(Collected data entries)
════════
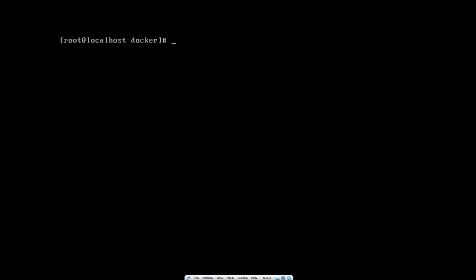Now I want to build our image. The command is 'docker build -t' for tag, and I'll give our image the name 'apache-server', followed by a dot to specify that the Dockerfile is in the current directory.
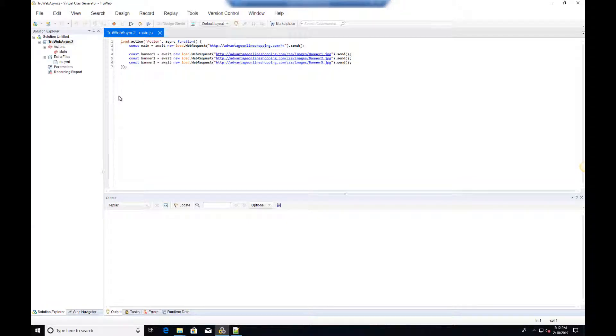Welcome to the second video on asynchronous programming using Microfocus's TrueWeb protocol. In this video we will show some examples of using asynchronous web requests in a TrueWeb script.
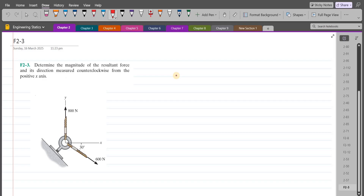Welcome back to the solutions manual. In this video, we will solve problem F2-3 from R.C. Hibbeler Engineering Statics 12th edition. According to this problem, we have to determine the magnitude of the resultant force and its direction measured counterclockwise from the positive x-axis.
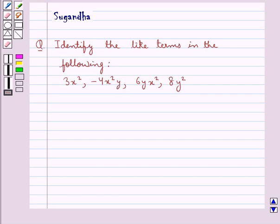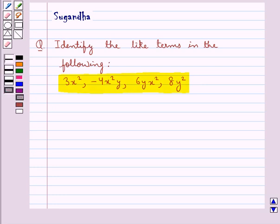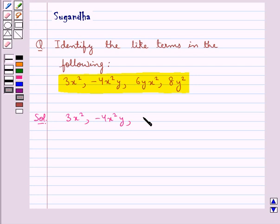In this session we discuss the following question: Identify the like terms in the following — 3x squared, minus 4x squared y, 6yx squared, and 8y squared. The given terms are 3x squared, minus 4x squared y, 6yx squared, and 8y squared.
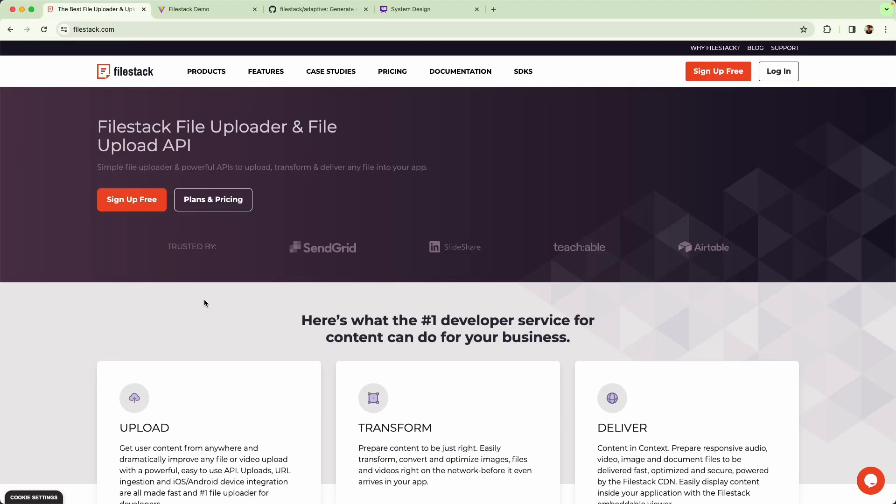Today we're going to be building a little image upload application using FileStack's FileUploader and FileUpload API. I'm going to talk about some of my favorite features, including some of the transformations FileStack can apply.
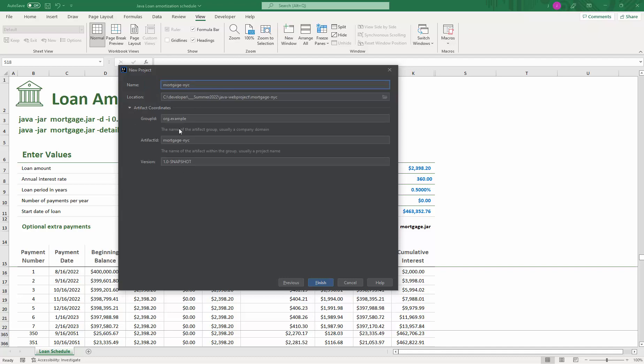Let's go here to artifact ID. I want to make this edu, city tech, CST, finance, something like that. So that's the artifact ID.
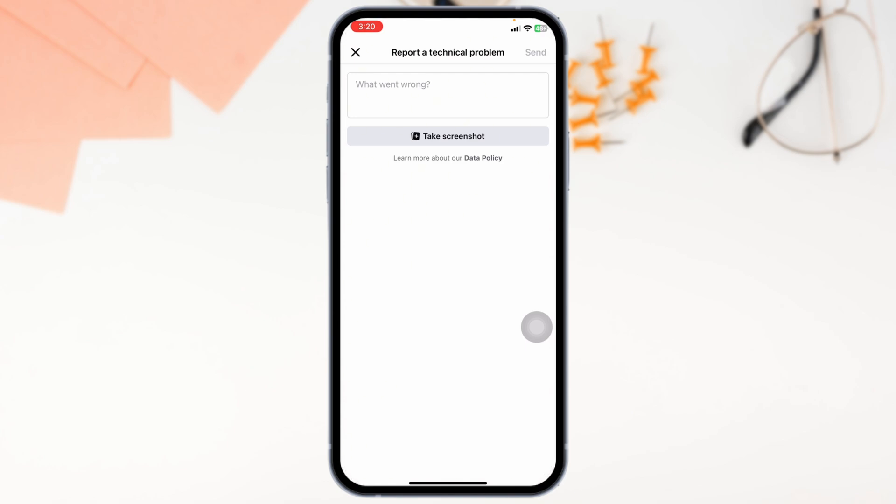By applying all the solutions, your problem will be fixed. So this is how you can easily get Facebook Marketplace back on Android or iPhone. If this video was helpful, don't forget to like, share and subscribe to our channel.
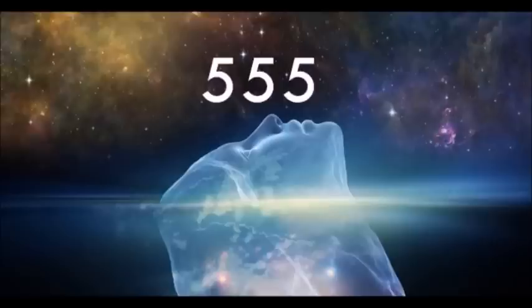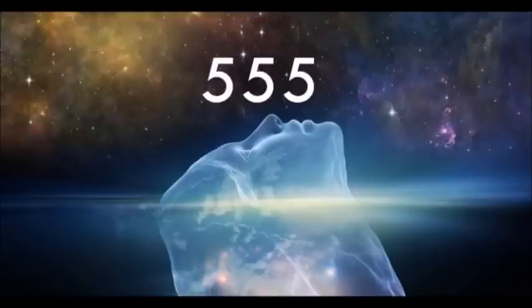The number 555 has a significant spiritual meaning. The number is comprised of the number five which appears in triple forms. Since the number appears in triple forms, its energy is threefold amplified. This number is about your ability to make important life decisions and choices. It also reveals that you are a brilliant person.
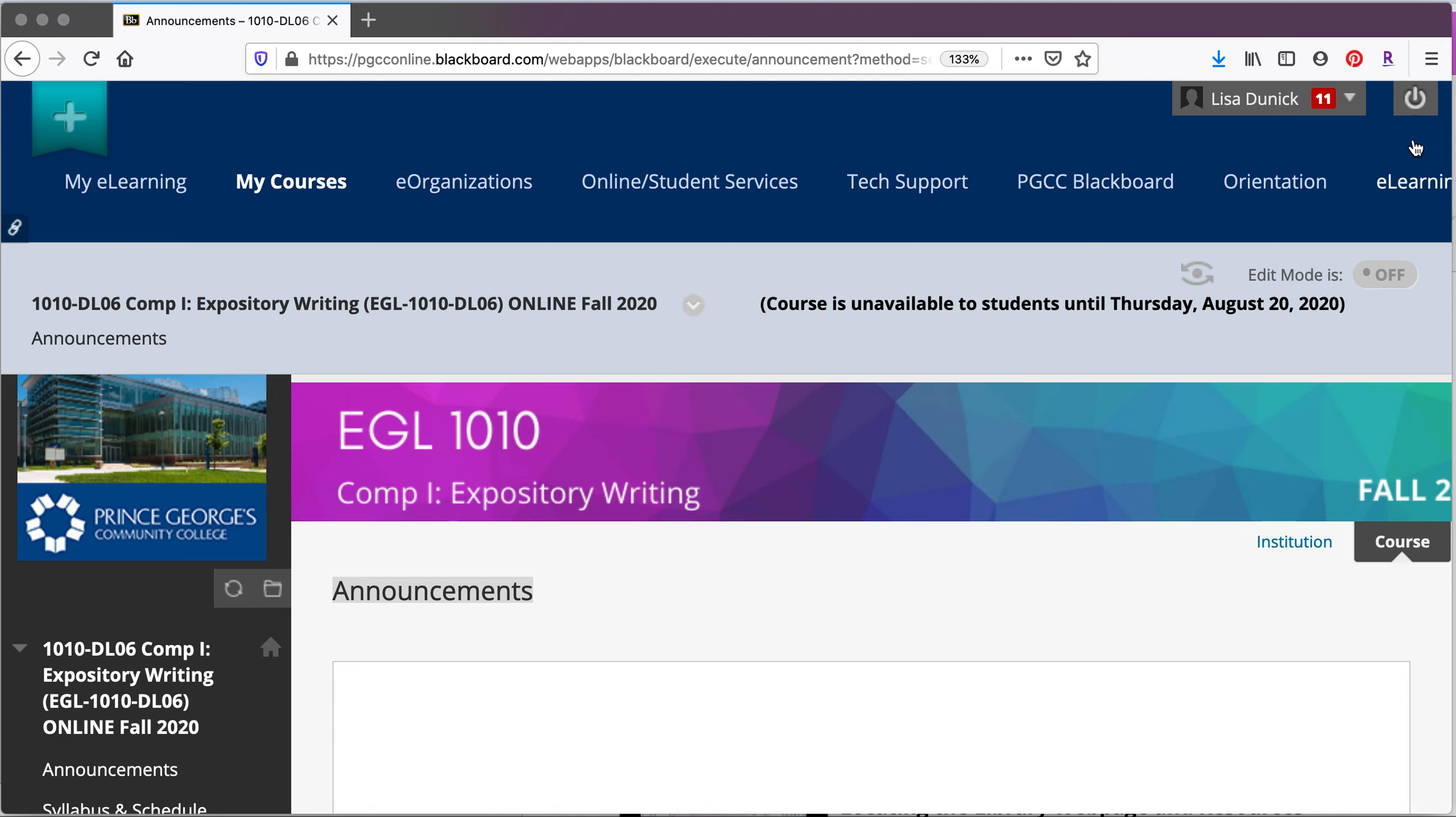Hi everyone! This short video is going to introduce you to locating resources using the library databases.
════════
- Exercise objective -
Drop the pictures and reproduce the rest of the data exactly.

- Output below -
Now I want to build our image. The command is 'docker build -t' for tag, and I'll give our image the name 'apache-server', followed by a dot to specify that the Dockerfile is in the current directory.
Welcome to the second video on asynchronous programming using Microfocus's TrueWeb protocol. In this video we will show some examples of using asynchronous web requests in a TrueWeb script.
Welcome back to the solutions manual. In this video, we will solve problem F2-3 from R.C. Hibbeler Engineering Statics 12th edition. According to this problem, we have to determine the magnitude of the resultant force and its direction measured counterclockwise from the positive x-axis.
In this session we discuss the following question: Identify the like terms in the following — 3x squared, minus 4x squared y, 6yx squared, and 8y squared. The given terms are 3x squared, minus 4x squared y, 6yx squared, and 8y squared.
Today we're going to be building a little image upload application using FileStack's FileUploader and FileUpload API. I'm going to talk about some of my favorite features, including some of the transformations FileStack can apply.
Let's go here to artifact ID. I want to make this edu, city tech, CST, finance, something like that. So that's the artifact ID.
By applying all the solutions, your problem will be fixed. So this is how you can easily get Facebook Marketplace back on Android or iPhone. If this video was helpful, don't forget to like, share and subscribe to our channel.
The number 555 has a significant spiritual meaning. The number is comprised of the number five which appears in triple forms. Since the number appears in triple forms, its energy is threefold amplified. This number is about your ability to make important life decisions and choices. It also reveals that you are a brilliant person.
Hi everyone! This short video is going to introduce you to locating resources using the library databases.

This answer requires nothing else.